[Your instructions] Reproduce each line below with no alterations.

━━ Data for this task

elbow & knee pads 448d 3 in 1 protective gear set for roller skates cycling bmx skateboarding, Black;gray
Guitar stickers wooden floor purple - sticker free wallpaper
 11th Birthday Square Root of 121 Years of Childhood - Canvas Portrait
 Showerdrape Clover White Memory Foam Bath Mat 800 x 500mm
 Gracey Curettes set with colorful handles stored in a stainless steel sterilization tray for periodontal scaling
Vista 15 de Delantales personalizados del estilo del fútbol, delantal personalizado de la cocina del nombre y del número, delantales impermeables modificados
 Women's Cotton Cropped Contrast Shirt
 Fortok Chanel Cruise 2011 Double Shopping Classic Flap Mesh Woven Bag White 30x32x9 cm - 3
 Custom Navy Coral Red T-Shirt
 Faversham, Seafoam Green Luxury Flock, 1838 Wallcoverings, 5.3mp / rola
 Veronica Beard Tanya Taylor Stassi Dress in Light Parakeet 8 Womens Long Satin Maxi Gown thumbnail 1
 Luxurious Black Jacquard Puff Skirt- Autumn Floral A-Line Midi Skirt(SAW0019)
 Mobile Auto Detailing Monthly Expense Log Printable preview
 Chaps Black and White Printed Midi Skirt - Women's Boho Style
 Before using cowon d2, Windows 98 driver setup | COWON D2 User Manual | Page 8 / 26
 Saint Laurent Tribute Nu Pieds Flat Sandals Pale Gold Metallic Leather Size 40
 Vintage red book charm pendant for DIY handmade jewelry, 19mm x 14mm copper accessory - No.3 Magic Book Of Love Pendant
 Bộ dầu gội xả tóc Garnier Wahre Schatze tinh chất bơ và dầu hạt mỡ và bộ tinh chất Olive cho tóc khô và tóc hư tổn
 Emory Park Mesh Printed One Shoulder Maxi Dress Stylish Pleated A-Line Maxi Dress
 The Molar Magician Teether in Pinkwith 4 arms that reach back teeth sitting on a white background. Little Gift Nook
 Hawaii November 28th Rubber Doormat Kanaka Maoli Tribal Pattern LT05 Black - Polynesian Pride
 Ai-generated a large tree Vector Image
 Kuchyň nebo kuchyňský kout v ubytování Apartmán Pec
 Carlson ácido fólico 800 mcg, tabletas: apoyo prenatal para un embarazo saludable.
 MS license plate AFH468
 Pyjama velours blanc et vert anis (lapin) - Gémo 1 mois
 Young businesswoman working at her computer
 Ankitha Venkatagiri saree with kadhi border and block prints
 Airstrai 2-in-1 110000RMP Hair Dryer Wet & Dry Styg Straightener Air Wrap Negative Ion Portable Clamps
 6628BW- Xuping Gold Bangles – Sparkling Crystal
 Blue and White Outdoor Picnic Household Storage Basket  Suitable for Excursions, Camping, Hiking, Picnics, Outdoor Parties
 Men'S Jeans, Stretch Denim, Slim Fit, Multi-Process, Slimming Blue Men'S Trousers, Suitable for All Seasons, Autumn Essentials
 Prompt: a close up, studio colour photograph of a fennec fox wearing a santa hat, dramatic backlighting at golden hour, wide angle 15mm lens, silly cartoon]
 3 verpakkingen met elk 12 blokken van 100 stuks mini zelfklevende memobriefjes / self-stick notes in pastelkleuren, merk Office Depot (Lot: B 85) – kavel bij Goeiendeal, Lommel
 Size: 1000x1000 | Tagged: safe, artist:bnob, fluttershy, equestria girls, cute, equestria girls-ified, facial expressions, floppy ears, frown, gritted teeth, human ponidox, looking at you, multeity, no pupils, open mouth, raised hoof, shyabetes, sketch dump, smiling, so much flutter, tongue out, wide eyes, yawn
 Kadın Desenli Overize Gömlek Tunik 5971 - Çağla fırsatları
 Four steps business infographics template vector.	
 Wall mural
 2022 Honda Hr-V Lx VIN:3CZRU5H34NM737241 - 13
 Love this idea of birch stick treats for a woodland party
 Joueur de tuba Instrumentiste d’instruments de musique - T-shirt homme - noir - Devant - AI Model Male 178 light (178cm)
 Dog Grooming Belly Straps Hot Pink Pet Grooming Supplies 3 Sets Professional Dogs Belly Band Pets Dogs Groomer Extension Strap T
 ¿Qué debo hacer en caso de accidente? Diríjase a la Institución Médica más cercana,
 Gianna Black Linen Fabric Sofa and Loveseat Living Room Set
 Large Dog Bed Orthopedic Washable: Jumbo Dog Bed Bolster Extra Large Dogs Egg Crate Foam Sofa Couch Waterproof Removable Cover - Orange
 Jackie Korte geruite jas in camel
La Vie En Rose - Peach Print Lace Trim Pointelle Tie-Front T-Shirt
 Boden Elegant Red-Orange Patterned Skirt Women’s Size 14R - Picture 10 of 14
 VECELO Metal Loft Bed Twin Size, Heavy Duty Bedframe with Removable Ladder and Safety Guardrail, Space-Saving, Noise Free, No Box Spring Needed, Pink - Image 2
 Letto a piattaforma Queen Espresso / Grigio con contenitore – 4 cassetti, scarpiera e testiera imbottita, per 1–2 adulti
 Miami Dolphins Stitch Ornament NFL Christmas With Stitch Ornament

━━━━

[Task answer]
elbow & knee pads 448d 3 in 1 protective gear set for roller skates cycling bmx skateboarding, Black;gray
Guitar stickers wooden floor purple - sticker free wallpaper
 11th Birthday Square Root of 121 Years of Childhood - Canvas Portrait
 Showerdrape Clover White Memory Foam Bath Mat 800 x 500mm
 Gracey Curettes set with colorful handles stored in a stainless steel sterilization tray for periodontal scaling
Vista 15 de Delantales personalizados del estilo del fútbol, delantal personalizado de la cocina del nombre y del número, delantales impermeables modificados
 Women's Cotton Cropped Contrast Shirt
 Fortok Chanel Cruise 2011 Double Shopping Classic Flap Mesh Woven Bag White 30x32x9 cm - 3
 Custom Navy Coral Red T-Shirt
 Faversham, Seafoam Green Luxury Flock, 1838 Wallcoverings, 5.3mp / rola
 Veronica Beard Tanya Taylor Stassi Dress in Light Parakeet 8 Womens Long Satin Maxi Gown thumbnail 1
 Luxurious Black Jacquard Puff Skirt- Autumn Floral A-Line Midi Skirt(SAW0019)
 Mobile Auto Detailing Monthly Expense Log Printable preview
 Chaps Black and White Printed Midi Skirt - Women's Boho Style
 Before using cowon d2, Windows 98 driver setup | COWON D2 User Manual | Page 8 / 26
 Saint Laurent Tribute Nu Pieds Flat Sandals Pale Gold Metallic Leather Size 40
 Vintage red book charm pendant for DIY handmade jewelry, 19mm x 14mm copper accessory - No.3 Magic Book Of Love Pendant
 Bộ dầu gội xả tóc Garnier Wahre Schatze tinh chất bơ và dầu hạt mỡ và bộ tinh chất Olive cho tóc khô và tóc hư tổn
 Emory Park Mesh Printed One Shoulder Maxi Dress Stylish Pleated A-Line Maxi Dress
 The Molar Magician Teether in Pinkwith 4 arms that reach back teeth sitting on a white background. Little Gift Nook
 Hawaii November 28th Rubber Doormat Kanaka Maoli Tribal Pattern LT05 Black - Polynesian Pride
 Ai-generated a large tree Vector Image
 Kuchyň nebo kuchyňský kout v ubytování Apartmán Pec
 Carlson ácido fólico 800 mcg, tabletas: apoyo prenatal para un embarazo saludable.
 MS license plate AFH468
 Pyjama velours blanc et vert anis (lapin) - Gémo 1 mois
 Young businesswoman working at her computer
 Ankitha Venkatagiri saree with kadhi border and block prints
 Airstrai 2-in-1 110000RMP Hair Dryer Wet & Dry Styg Straightener Air Wrap Negative Ion Portable Clamps
 6628BW- Xuping Gold Bangles – Sparkling Crystal
 Blue and White Outdoor Picnic Household Storage Basket  Suitable for Excursions, Camping, Hiking, Picnics, Outdoor Parties
 Men'S Jeans, Stretch Denim, Slim Fit, Multi-Process, Slimming Blue Men'S Trousers, Suitable for All Seasons, Autumn Essentials
 Prompt: a close up, studio colour photograph of a fennec fox wearing a santa hat, dramatic backlighting at golden hour, wide angle 15mm lens, silly cartoon]
 3 verpakkingen met elk 12 blokken van 100 stuks mini zelfklevende memobriefjes / self-stick notes in pastelkleuren, merk Office Depot (Lot: B 85) – kavel bij Goeiendeal, Lommel
 Size: 1000x1000 | Tagged: safe, artist:bnob, fluttershy, equestria girls, cute, equestria girls-ified, facial expressions, floppy ears, frown, gritted teeth, human ponidox, looking at you, multeity, no pupils, open mouth, raised hoof, shyabetes, sketch dump, smiling, so much flutter, tongue out, wide eyes, yawn
 Kadın Desenli Overize Gömlek Tunik 5971 - Çağla fırsatları
 Four steps business infographics template vector.	
 Wall mural
 2022 Honda Hr-V Lx VIN:3CZRU5H34NM737241 - 13
 Love this idea of birch stick treats for a woodland party
 Joueur de tuba Instrumentiste d’instruments de musique - T-shirt homme - noir - Devant - AI Model Male 178 light (178cm)
 Dog Grooming Belly Straps Hot Pink Pet Grooming Supplies 3 Sets Professional Dogs Belly Band Pets Dogs Groomer Extension Strap T
 ¿Qué debo hacer en caso de accidente? Diríjase a la Institución Médica más cercana,
 Gianna Black Linen Fabric Sofa and Loveseat Living Room Set
 Large Dog Bed Orthopedic Washable: Jumbo Dog Bed Bolster Extra Large Dogs Egg Crate Foam Sofa Couch Waterproof Removable Cover - Orange
 Jackie Korte geruite jas in camel
La Vie En Rose - Peach Print Lace Trim Pointelle Tie-Front T-Shirt
 Boden Elegant Red-Orange Patterned Skirt Women’s Size 14R - Picture 10 of 14
 VECELO Metal Loft Bed Twin Size, Heavy Duty Bedframe with Removable Ladder and Safety Guardrail, Space-Saving, Noise Free, No Box Spring Needed, Pink - Image 2
 Letto a piattaforma Queen Espresso / Grigio con contenitore – 4 cassetti, scarpiera e testiera imbottita, per 1–2 adulti
 Miami Dolphins Stitch Ornament NFL Christmas With Stitch Ornament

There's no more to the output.